The subject matter involved in this controversy is indeed a bagatelle, but the far-reaching effects of the rule laid down transcend the limits of human farsight. In deciding this case, in the same way as when it decided the case of Haw Pia v. China Banking Corporation, supra, this Highest Court of the Republic sits as an international tribunal, because it construes and applies the rules or regulations of the Hague Conventions of 1907. I sincerely believe that the majority decision in this case, as well as in the case of Haw Pia v. China Banking Corporation, supra, has laid down a dangerous rule or precedent — dangerous because it sanctions a violation of the rules or regulations of the Hague Conventions of 1907 — a precedent which may be invoked in the future against the peaceful and law-abiding citizens and inhabitants of this Republic.

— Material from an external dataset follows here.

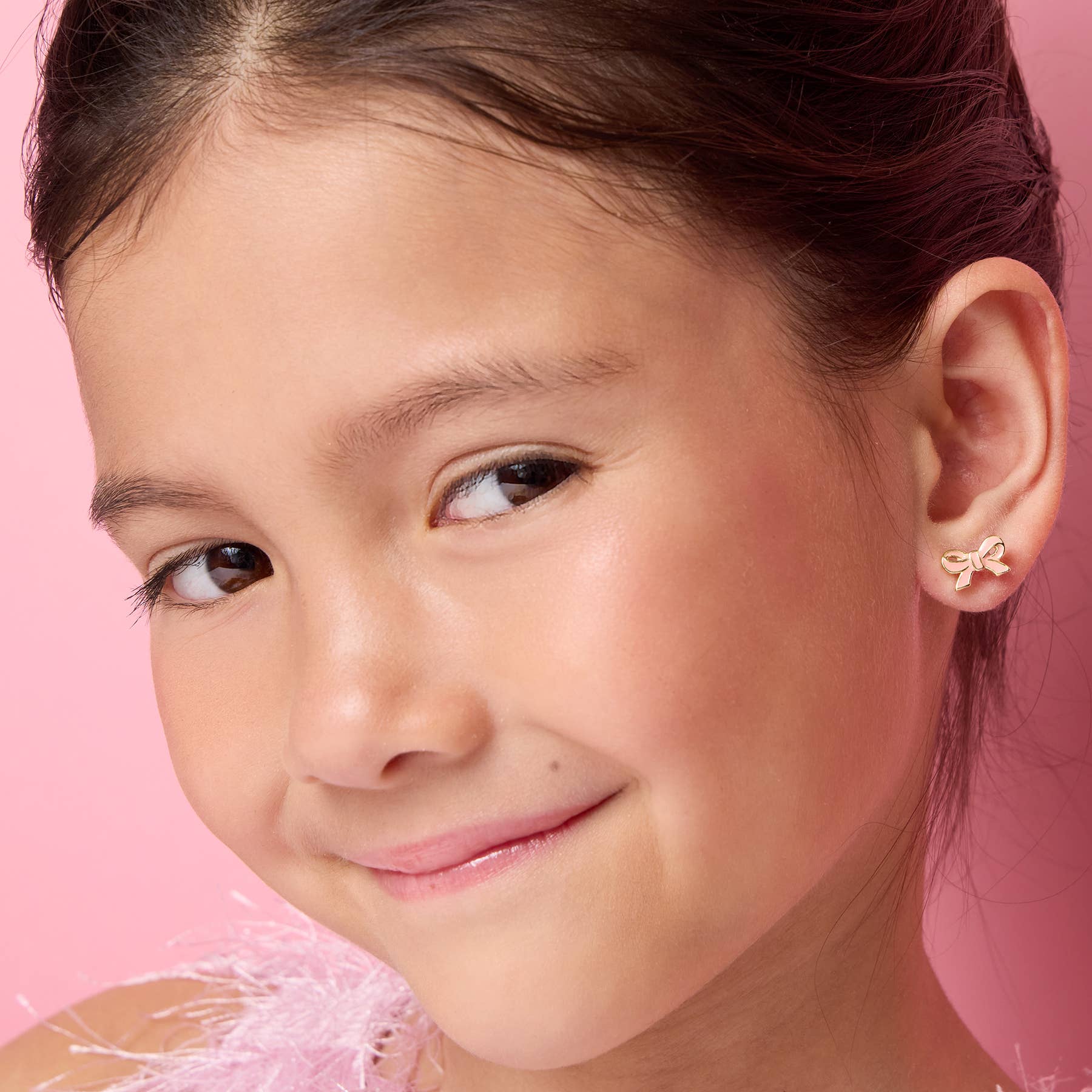 Pretty Poodle & Bow Perfectly Paired Stud Earrings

For these reasons, I dissent from those two parts of the majority opinion referred to above.
I agree to the reversal of that part of the order appealed from, which directs the Registrar of Deeds in and for the City of Manila to annotate on certificate of title No. 22539 the directive of the Department of Justice set forth in Circular No. 14, series of 1945, in accord with the rule laid down in the case of Lim v. Register of Deeds of Rizal, 1 G.R. No. L-1739, promulgated on 3 February 1949.
I concur in the first part of the above opinion.